New rules on smoking in Flemish bars
From January 1 2010, smoking will only be allowed in bars, pubs and cafés that are used more or less exclusively for drinking and socialising.
The Chamber of Representatives' Heath Select Committee has approved a number of changes to the law governing smoking in bars and cafés. At present, establishments serving food are also able to allow smoking, proving that income from bar meals didn’t exceed 33% of turnover.
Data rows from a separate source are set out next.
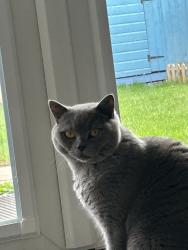 Lost Male Cat last seen Pathway behind viewfield road, Greater London, England SW18 1NB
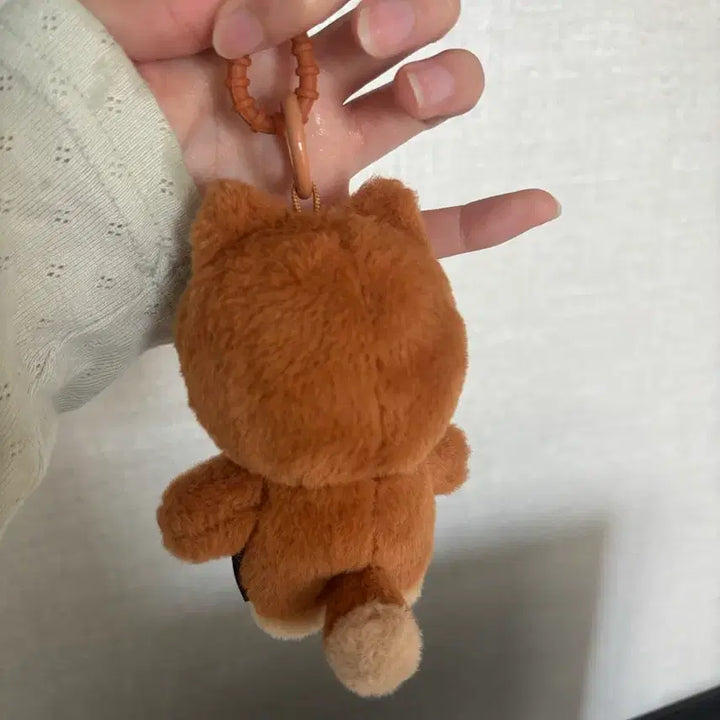 [BUNJANG] DAY6 Young K Petit Merz Tanning Petit Merz / 선글라스 X 데이식스 테닝 쁘띠멀즈 케 테닝쁘멀 테닝멀즈 영케이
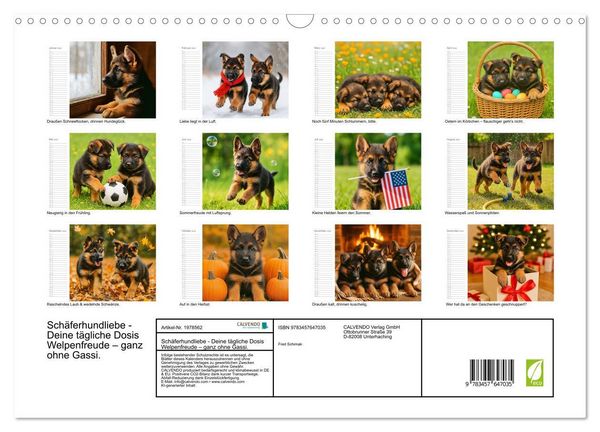 Produktbild: Sch&auml;ferhundliebe - Deine t&auml;gliche Dosis Welpenfreude &ndash; ganz ohne Gassi. (Wandkalender 2026 DIN A3 quer), CALVENDO Monatskalender
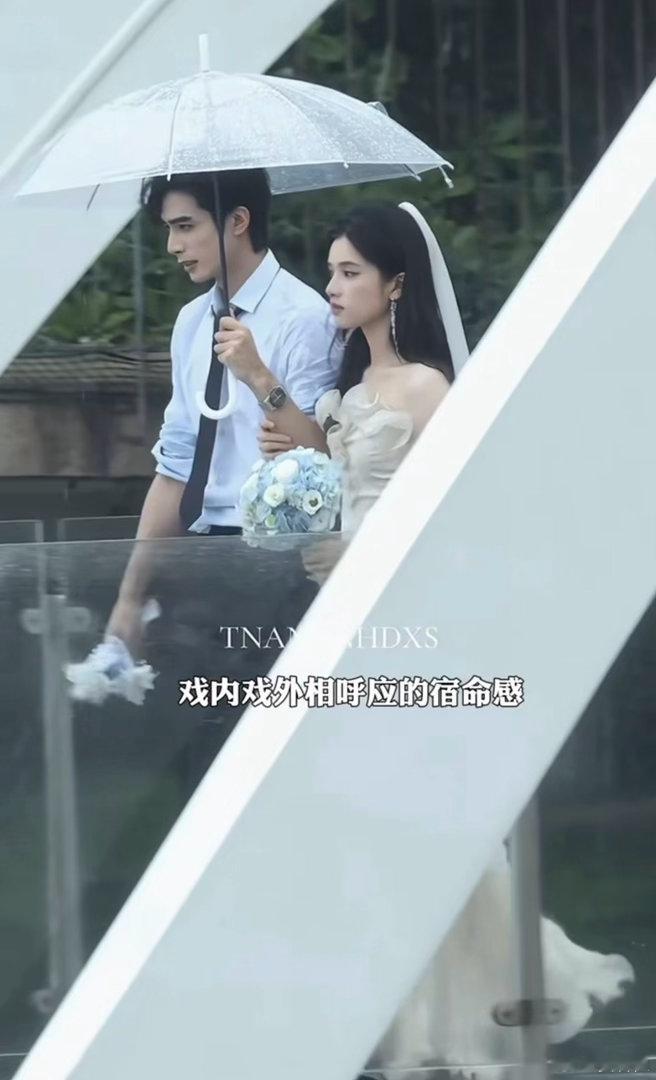 张婧仪给每个顶帅一个家流水的顶流帅哥，铁打的张婧仪。与生俱来的温柔包容感，和任何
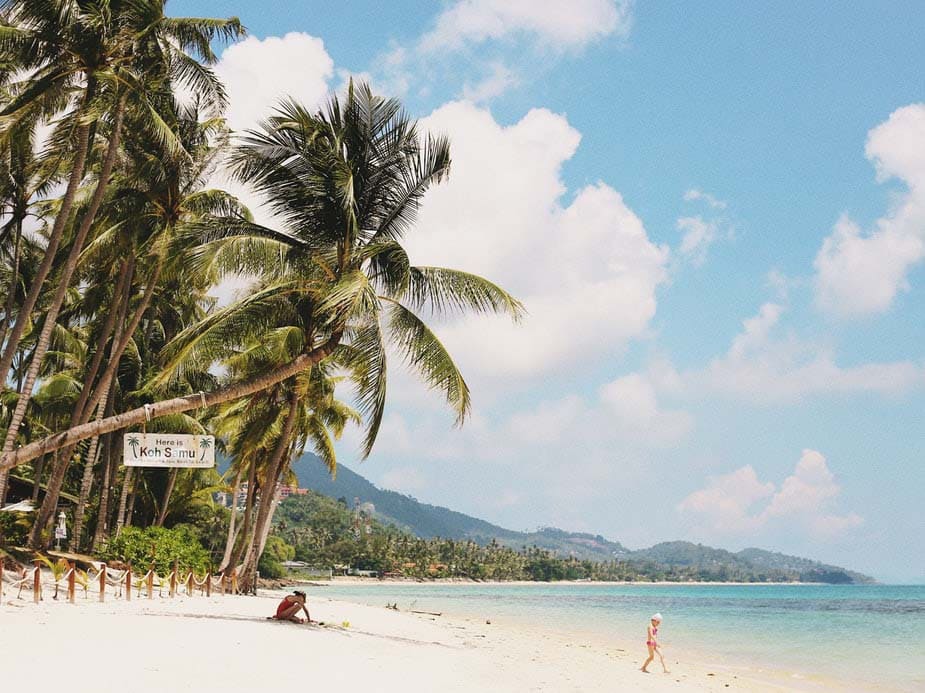 Tropical Beach Views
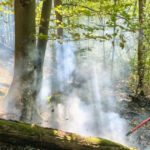 videofoto incendii de vegetatie in caras severin si valcea trei elicoptere black hawk intervin la baile herculane 6abe2b625ba1f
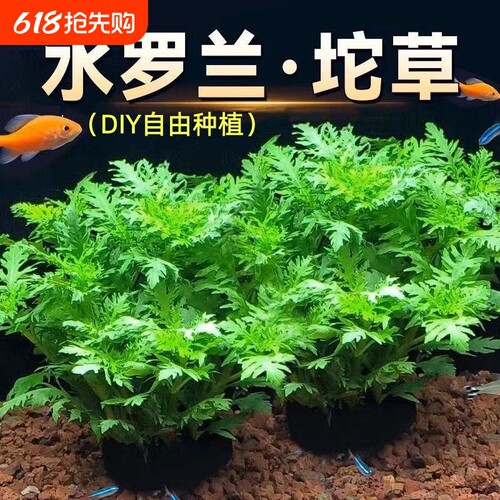 水罗兰坨草组合浮萍水草鱼缸专用造景增氧阴性养鱼生态缸水培绿植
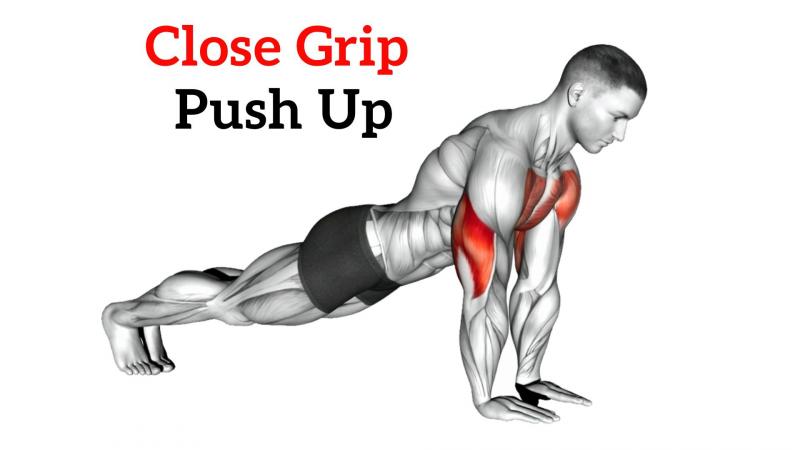 Transform Your Pushups And See Results Fast: The Perfect Pushup Review You Need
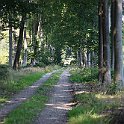 IMG_6933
From the first of next year, smoking will only be allowed in bars, pubs and cafés that are used more or less exclusively for drinking and socialising.
However, the new rules do make an exception for food stuffs that can be kept for more than three months such as crisps, peanuts, salami and pre-packed frankfurters such as Zwan sausages.
The new rules have come about as a result of a compromise between the Flemish Christian democrats on the one hand and the Flemish liberals and Francophone socialists on the other.
The Flemish Christian democrats had favoured a total ban, while the Francophone Socialists and Flemish liberal stressed that a total ban would have made things even worse for an industry already badly hit by the recession.
Eleven members of the Committee voted for the changes, three (Flemish nationalist, far-right and greens) voted against.
Existing law against the “arm’s length principle
A fine imposed on the owner of a restaurant in the town of Mol in Antwerp province for allowing people to smoke in his restaurant has been overturned.
The Court of Appeal in Antwerp ruled that the current law restricting smoking in bars and restaurants contravenes the so-called “arm’s length principle”, as people are allowed to smoke in bars and cafés that serve snacks, but not in restaurants.
The court said that this goes against the principle of free and fair competition.